→ Data provided:
BEGIN

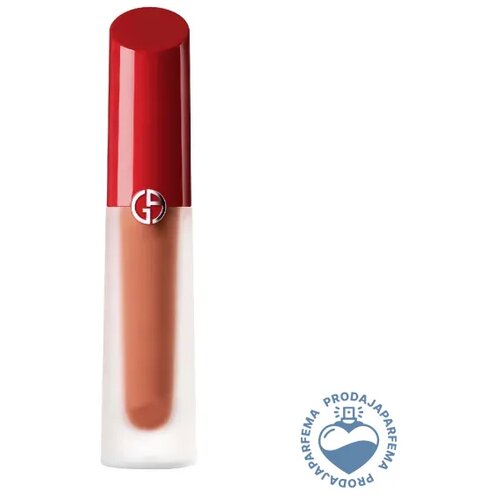 Giorgio Armani Lip Maestro Satin (N°02 Weekend Getaway) 4ml Cijene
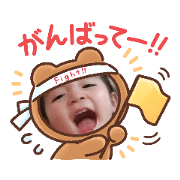 yukoto_20210130233731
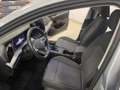 Volkswagen Golf 2.0TDI Más 85kW Gris - thumbnail 19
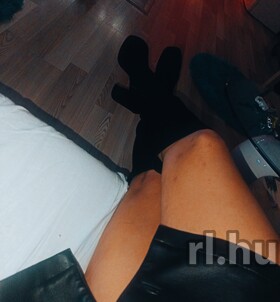 nna (25 éves) - Telefon: +36 70 / 237-5257 - Budapest
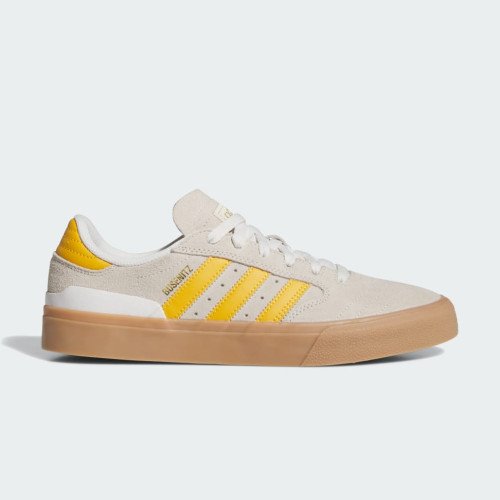 adidas Originals Busenitz Vulc II (JH8128) [1]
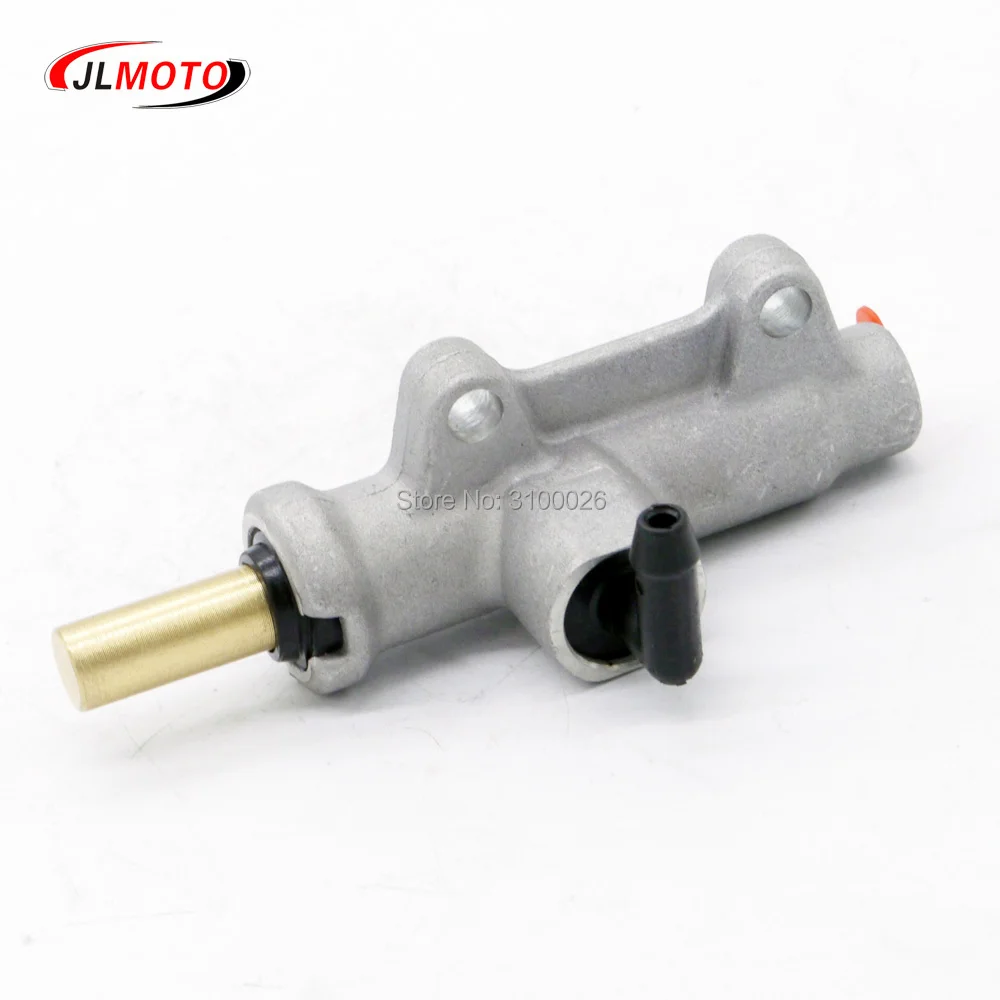 P80001-6-rear-brake-master-polaris-sportsman-atv400-500-700-800-parts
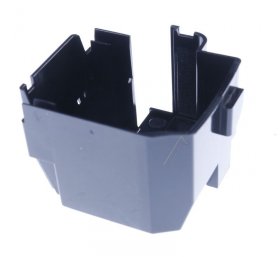 Flap - 42340922 Comp cover-jiaxipera-24 04 068 [Vestel]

END

→ Directions for this task: Please output the full listing above exactly, minus any pictures.

→ Written solution:
 Giorgio Armani Lip Maestro Satin (N°02 Weekend Getaway) 4ml Cijene
 yukoto_20210130233731
 Volkswagen Golf 2.0TDI Más 85kW Gris - thumbnail 19
 nna (25 éves) - Telefon: +36 70 / 237-5257 - Budapest
 adidas Originals Busenitz Vulc II (JH8128) [1]
 P80001-6-rear-brake-master-polaris-sportsman-atv400-500-700-800-parts
 Flap - 42340922 Comp cover-jiaxipera-24 04 068 [Vestel]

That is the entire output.